Action item: Return nothing but the lines from the one containing "prata Cobertura de" through the end of the records below, exactly as they stand and without pictures.
*** Data Section Begins ***
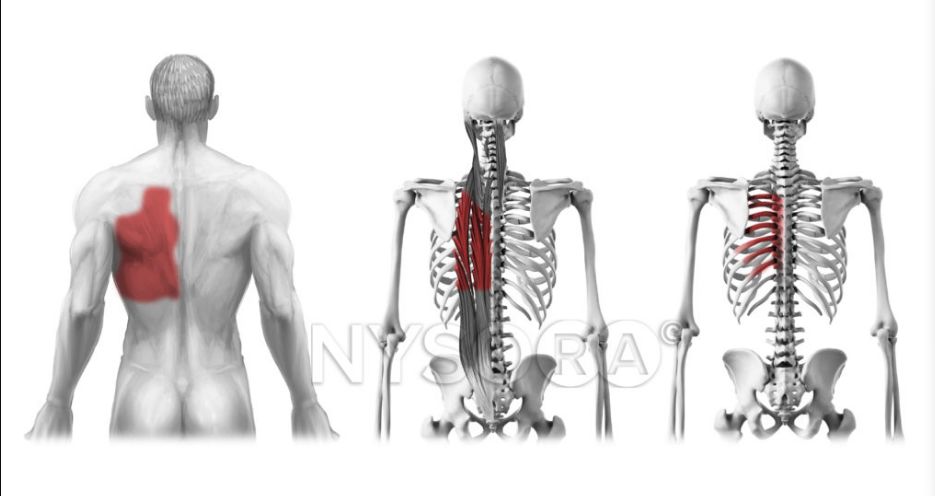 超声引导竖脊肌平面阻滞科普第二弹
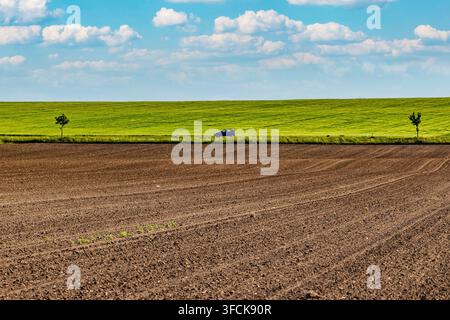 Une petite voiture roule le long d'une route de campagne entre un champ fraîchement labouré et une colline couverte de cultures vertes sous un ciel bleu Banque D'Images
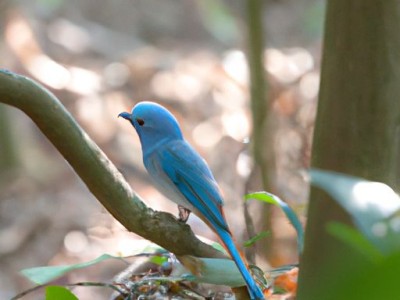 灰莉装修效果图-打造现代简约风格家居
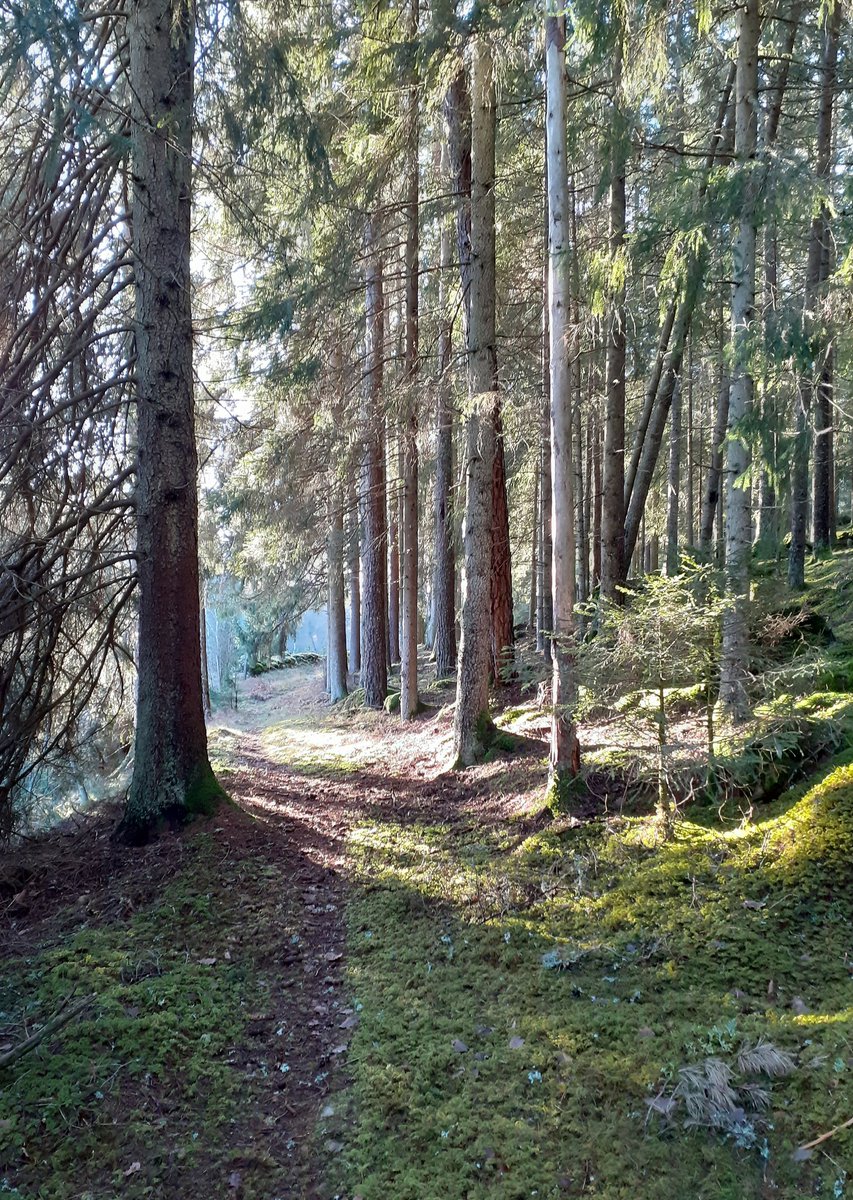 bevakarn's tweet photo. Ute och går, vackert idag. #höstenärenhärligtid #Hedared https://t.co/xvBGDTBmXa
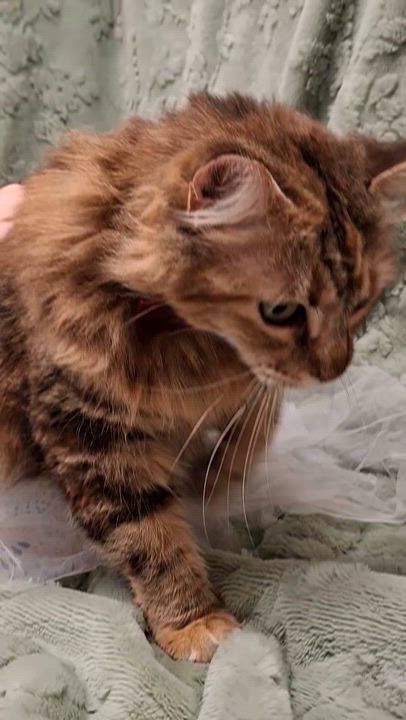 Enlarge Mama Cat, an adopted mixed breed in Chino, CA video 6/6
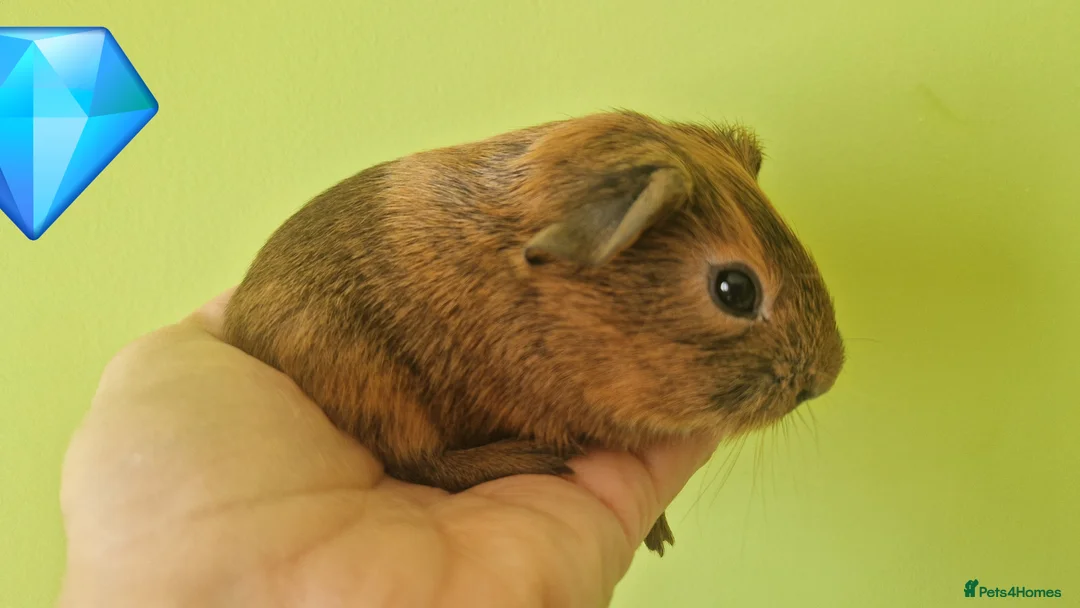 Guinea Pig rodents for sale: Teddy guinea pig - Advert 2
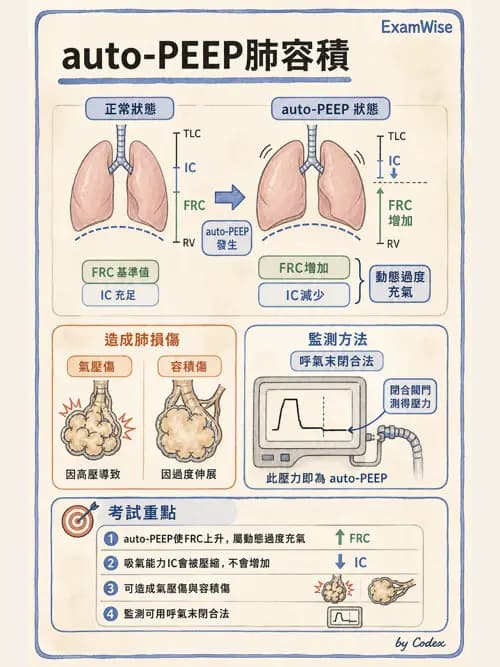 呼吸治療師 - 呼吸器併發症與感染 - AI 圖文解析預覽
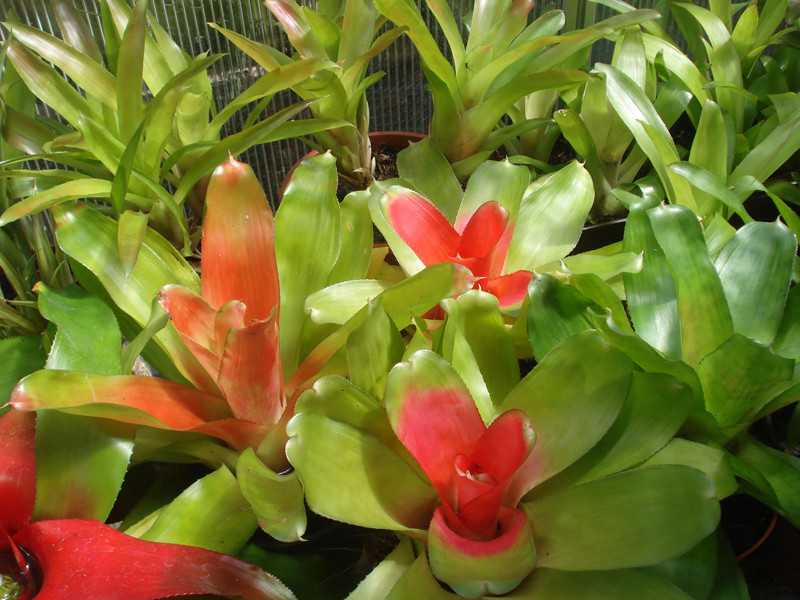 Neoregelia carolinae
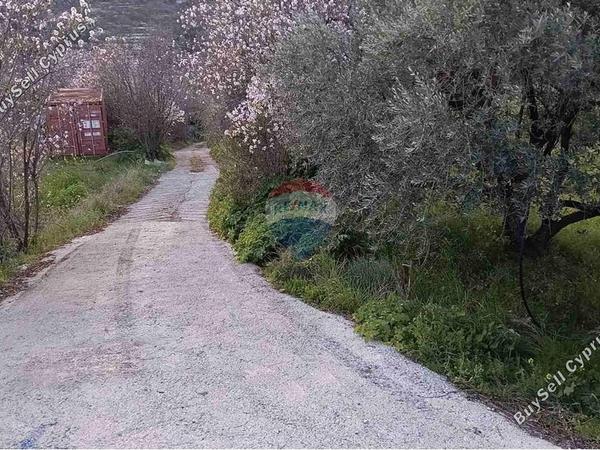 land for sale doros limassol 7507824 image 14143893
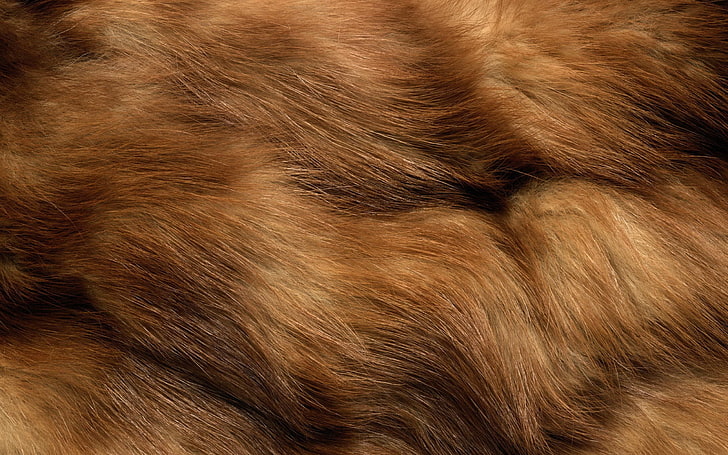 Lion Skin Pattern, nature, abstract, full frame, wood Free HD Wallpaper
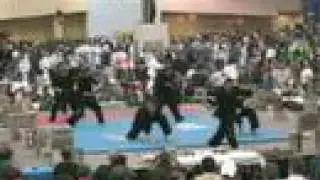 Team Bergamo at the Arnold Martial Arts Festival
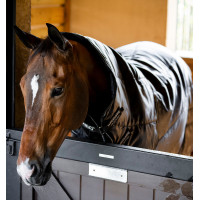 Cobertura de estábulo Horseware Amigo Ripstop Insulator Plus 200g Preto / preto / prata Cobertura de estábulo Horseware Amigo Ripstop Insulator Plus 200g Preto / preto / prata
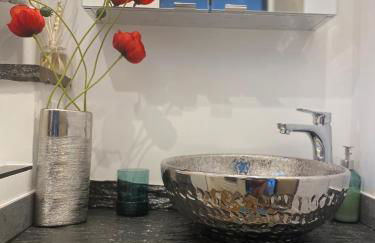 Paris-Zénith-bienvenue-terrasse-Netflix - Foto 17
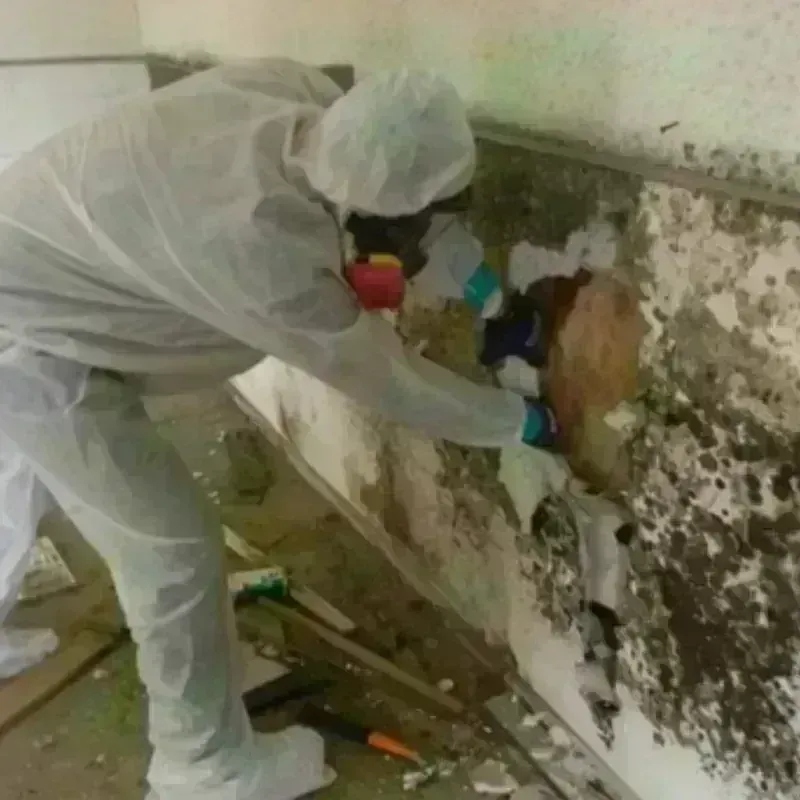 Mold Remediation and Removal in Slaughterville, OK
*** Data Section Ends ***
Response area:
 Cobertura de estábulo Horseware Amigo Ripstop Insulator Plus 200g Preto / preto / prata Cobertura de estábulo Horseware Amigo Ripstop Insulator Plus 200g Preto / preto / prata
 Paris-Zénith-bienvenue-terrasse-Netflix - Foto 17
 Mold Remediation and Removal in Slaughterville, OK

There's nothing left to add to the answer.